Use custom partitioning to group like entries into region buckets within a region. By default, Geode assigns new entries to buckets based on the entry key contents. With custom partitioning, you can assign your entries to buckets in whatever way you want.
You can generally get better performance if you use custom partitioning to group similar data within a region. For example, a query run on all accounts created in January runs faster if all January account data is hosted by a single member. Grouping all data for a single customer can improve performance of data operations that work on customer data. Data aware function execution takes advantage of custom partitioning.
This figure shows a region with customer data that is grouped into buckets by customer.
With custom partitioning, you have three choices:
- Default string-based partition resolver. A default partition
org.apache.geode.cache.util.StringPrefixPartitionResolvergroups entries into buckets based on a string portion of the key. All keys must be strings, specified with a syntax that includes a ’|’ character that delimits the string. The substring that precedes the ’|’ delimiter within the key partitions the entry.
- Standard custom partitioning. With standard partitioning, you group entries into buckets, but you do not specify where the buckets reside. Geode always keeps the entries in the buckets you have specified, but may move the buckets around for load balancing.
Fixed custom partitioning. With fixed partitioning, you provide standard partitioning plus you specify the exact member where each data entry resides. You do this by assigning the data entry to a bucket and to a partition and by naming specific members as primary and secondary hosts of each partition.
This gives you complete control over the locations of your primary and any secondary buckets for the region. This can be useful when you want to store specific data on specific physical machines or when you need to keep data close to certain hardware elements.
Fixed partitioning has these requirements and caveats:
- Geode cannot rebalance fixed partition region data because it cannot move the buckets around among the host members. You must carefully consider your expected data loads for the partitions you create.

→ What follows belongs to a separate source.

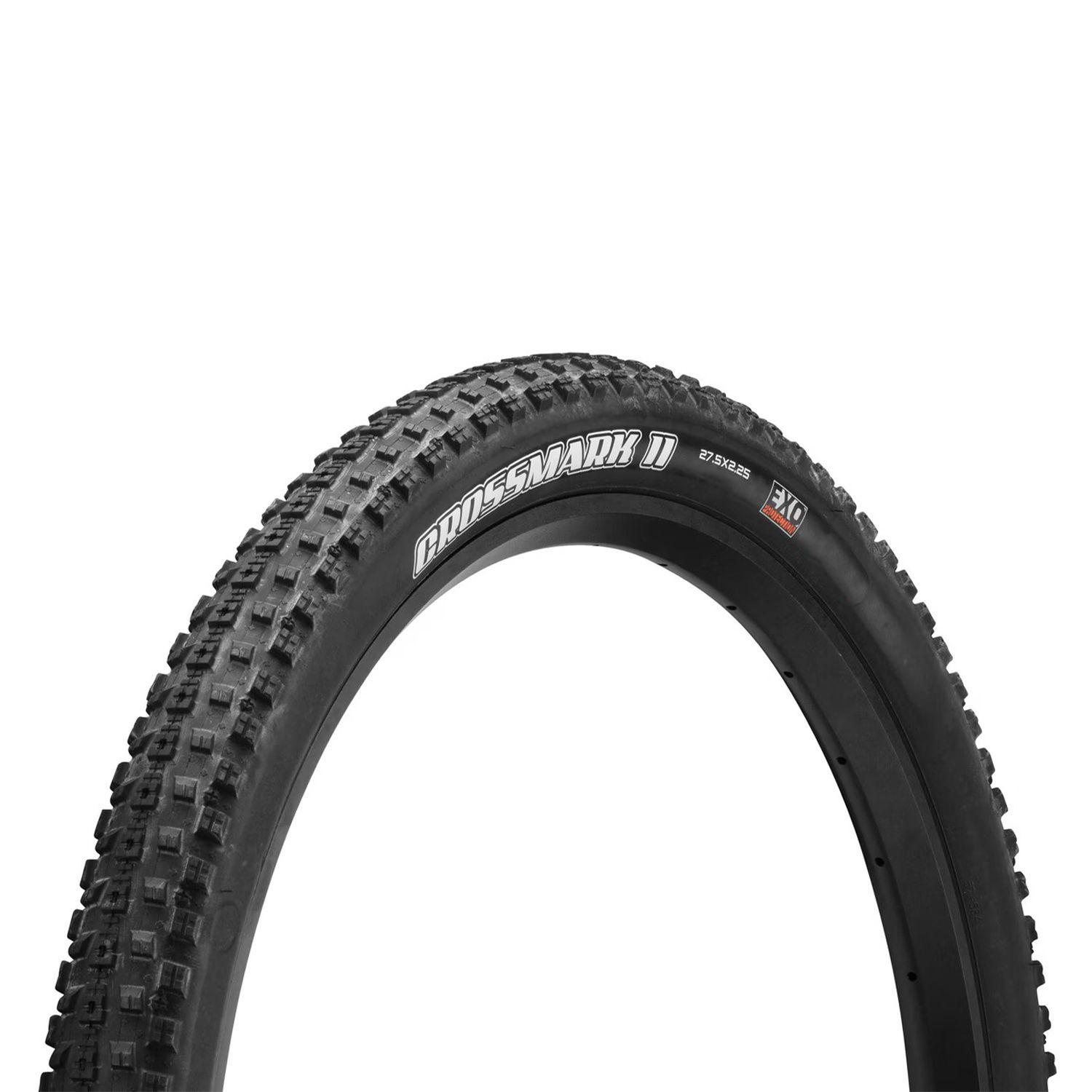 Maxxis | Велопокрышка Maxxis Crossmark Ii 27.5X2.25 57-584 Wire Exo (Б/Р)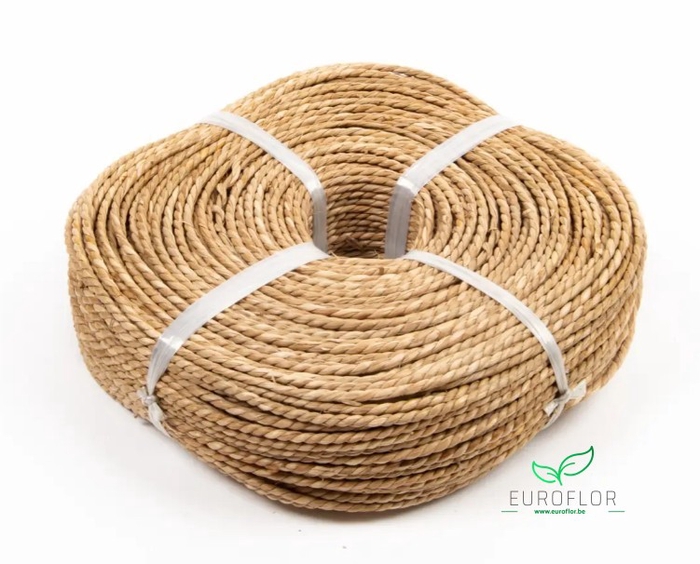 SEAGRASS CORD TWISTED 3MM 500GR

- With fixed partitioning, the region configuration is different between host members. Each member identifies the named partitions it hosts, and whether it is hosting the primary copy or a secondary copy. You then program fixed partition resolver to return the partition id, so the entry is placed on the right members. Only one member can be primary for a particular partition name and that member cannot be the partition’s secondary.
With data colocation, Geode stores entries that are related across multiple data regions in a single member. Geode does this by storing all of the regions’ buckets with the same ID together in the same member. During rebalancing operations, Geode moves these bucket groups together or not at all.
So, for example, if you have one region with customer contact information and another region with customer orders, you can use colocation to keep all contact information and all orders for a single customer in a single member. This way, any operation done for a single customer uses the cache of only a single member.
This figure shows two regions with data colocation where the data is partitioned by customer type.
Data colocation requires the same data partitioning mechanism for all of the colocated regions. You can use the default partitioning provided by Geode or any of the custom partitioning strategies.
You must use the same high availability settings across your colocated regions.